WORK TO BE COMPLETED: Within the records that follow, restate exactly the lines from the line with "Vista 3 de Project" down to the line with "Photo 5 - The Niantic Inn", including both. Omit the pictures.

DATA EXTRACTS:
---+---
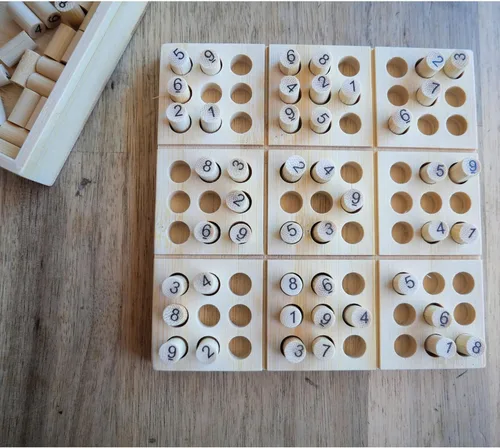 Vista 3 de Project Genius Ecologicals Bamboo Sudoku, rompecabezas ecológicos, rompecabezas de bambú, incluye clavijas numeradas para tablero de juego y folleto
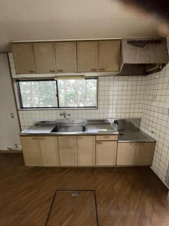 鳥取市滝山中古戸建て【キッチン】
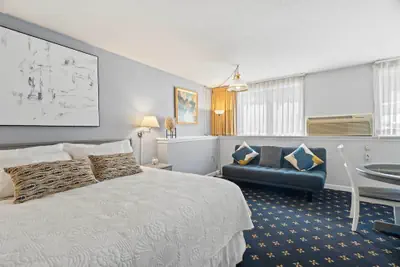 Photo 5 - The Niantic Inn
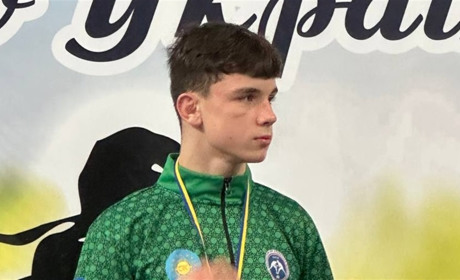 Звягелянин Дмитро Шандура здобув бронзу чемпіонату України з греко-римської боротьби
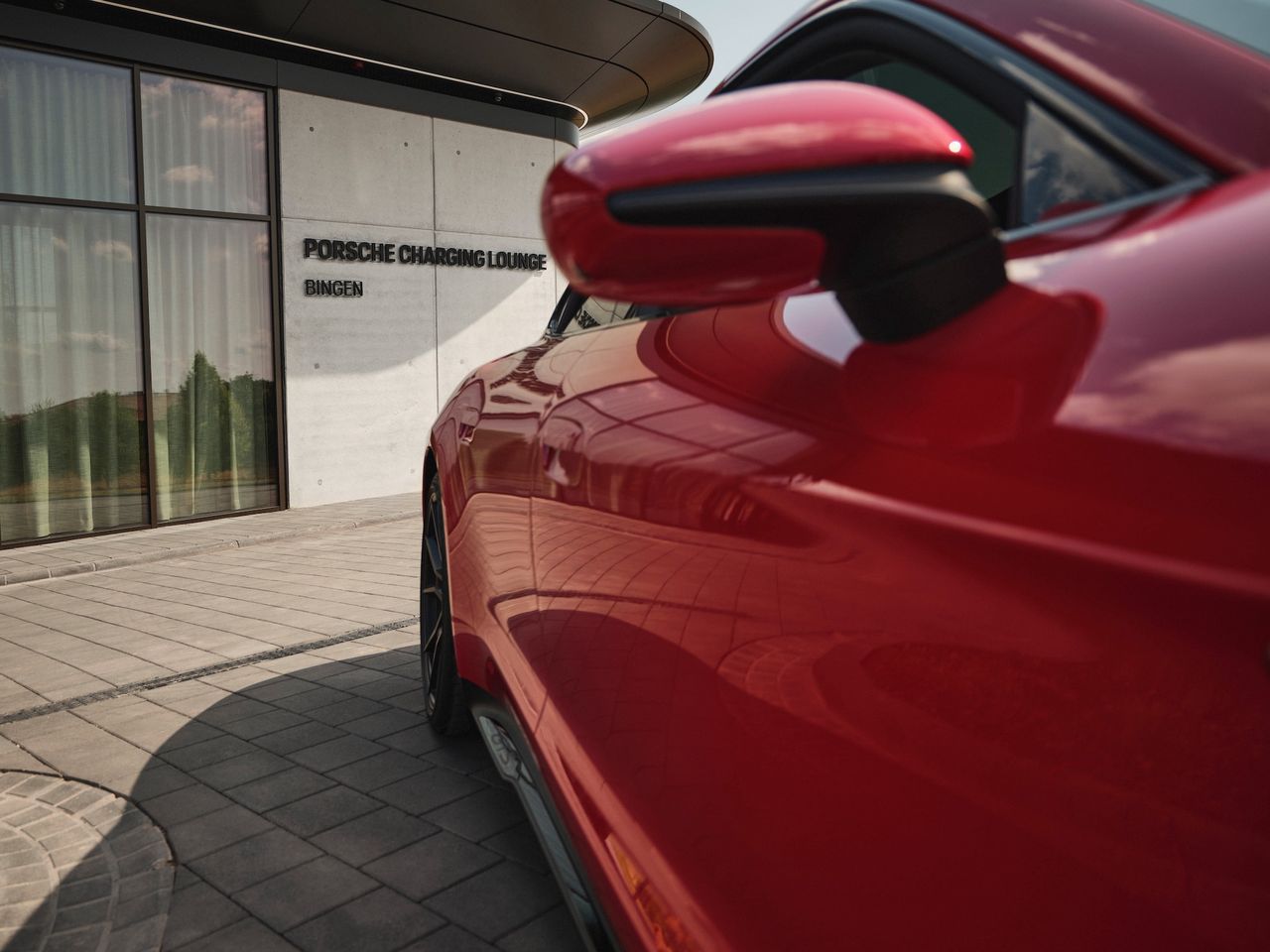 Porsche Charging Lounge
---+---
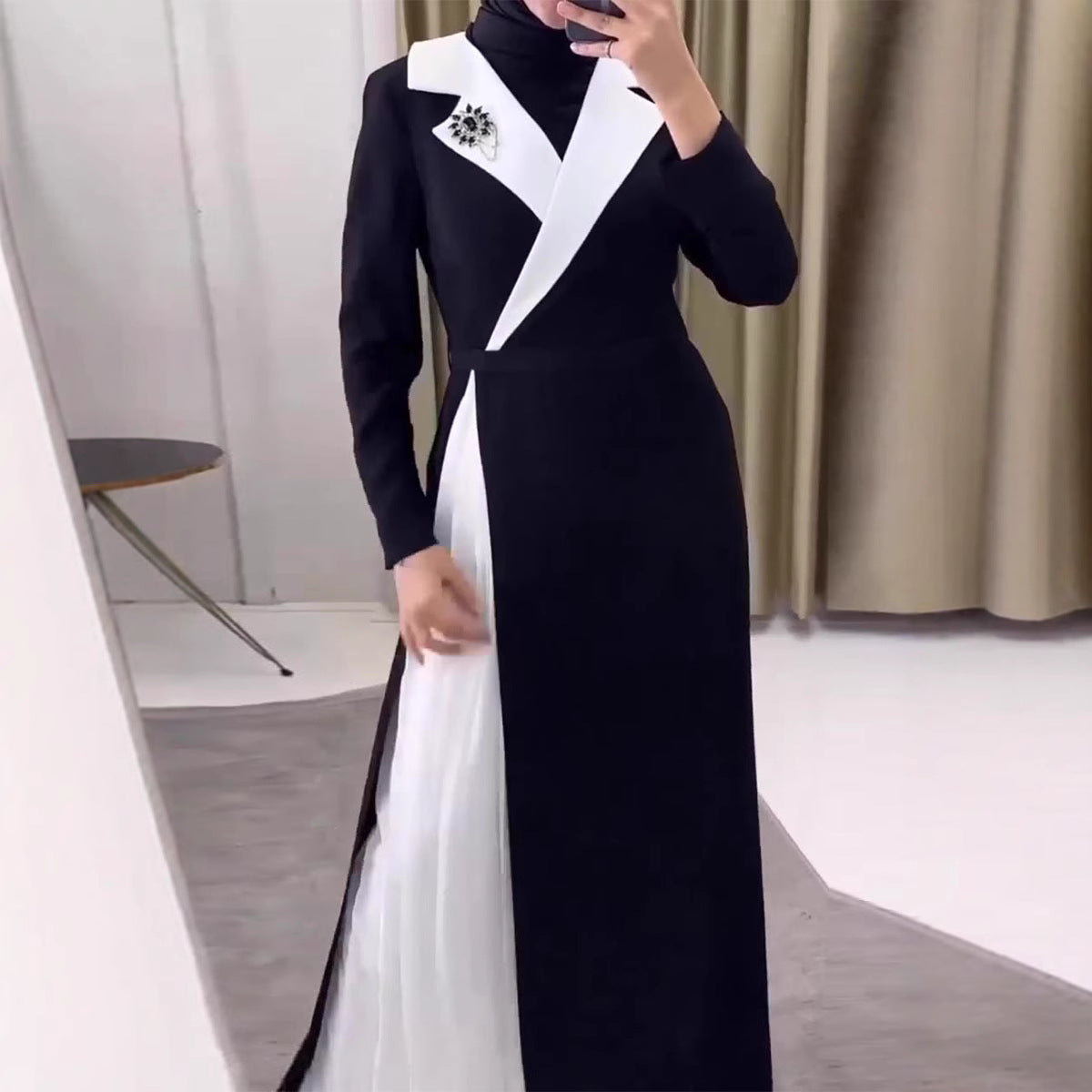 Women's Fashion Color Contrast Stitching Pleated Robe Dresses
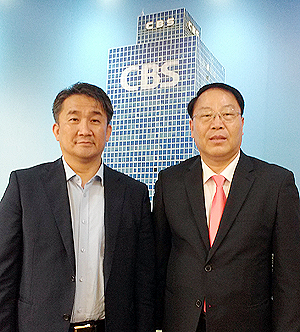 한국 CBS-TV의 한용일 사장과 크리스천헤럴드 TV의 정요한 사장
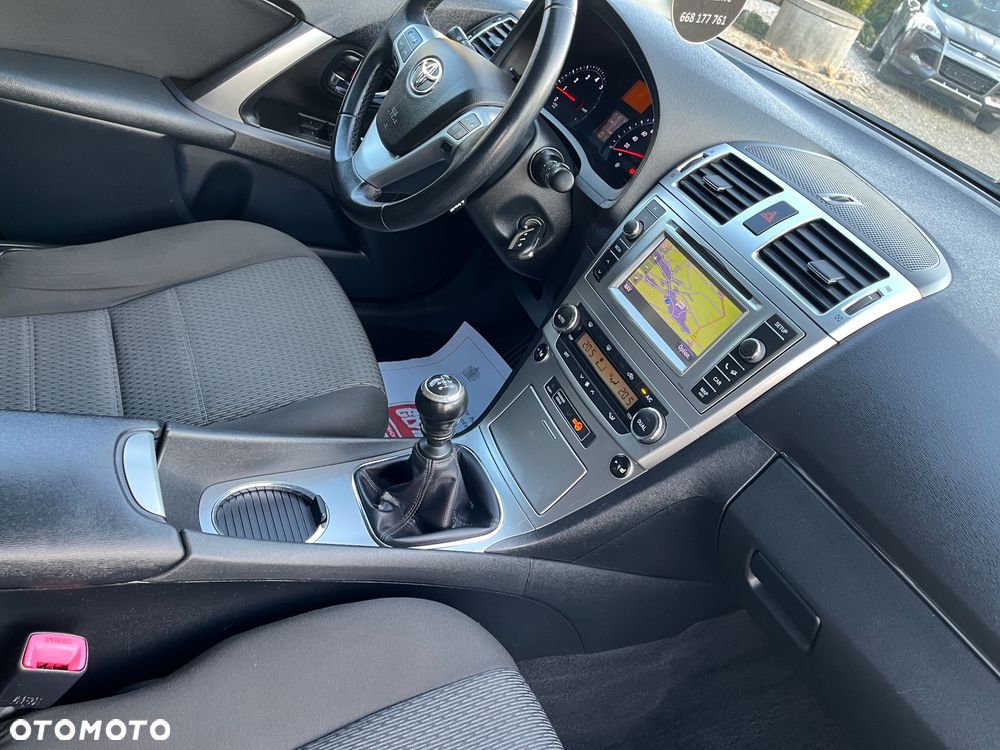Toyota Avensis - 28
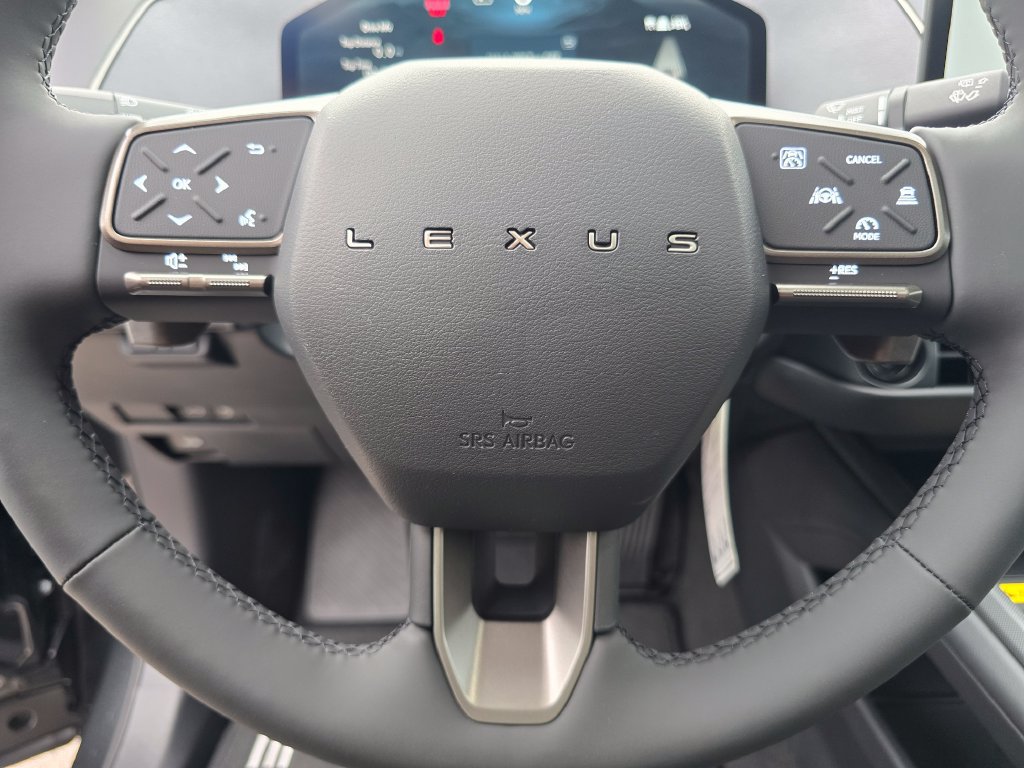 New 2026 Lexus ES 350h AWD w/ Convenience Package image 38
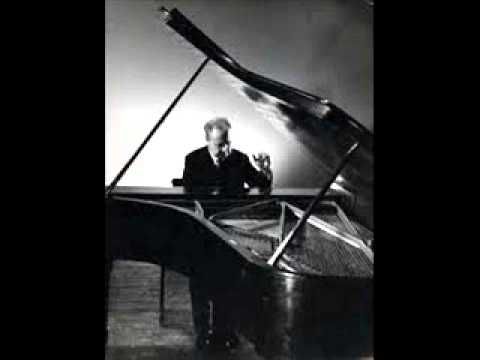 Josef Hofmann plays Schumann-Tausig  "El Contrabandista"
---+---
SOLVED EXERCISE:
 Vista 3 de Project Genius Ecologicals Bamboo Sudoku, rompecabezas ecológicos, rompecabezas de bambú, incluye clavijas numeradas para tablero de juego y folleto
 鳥取市滝山中古戸建て【キッチン】
 Photo 5 - The Niantic Inn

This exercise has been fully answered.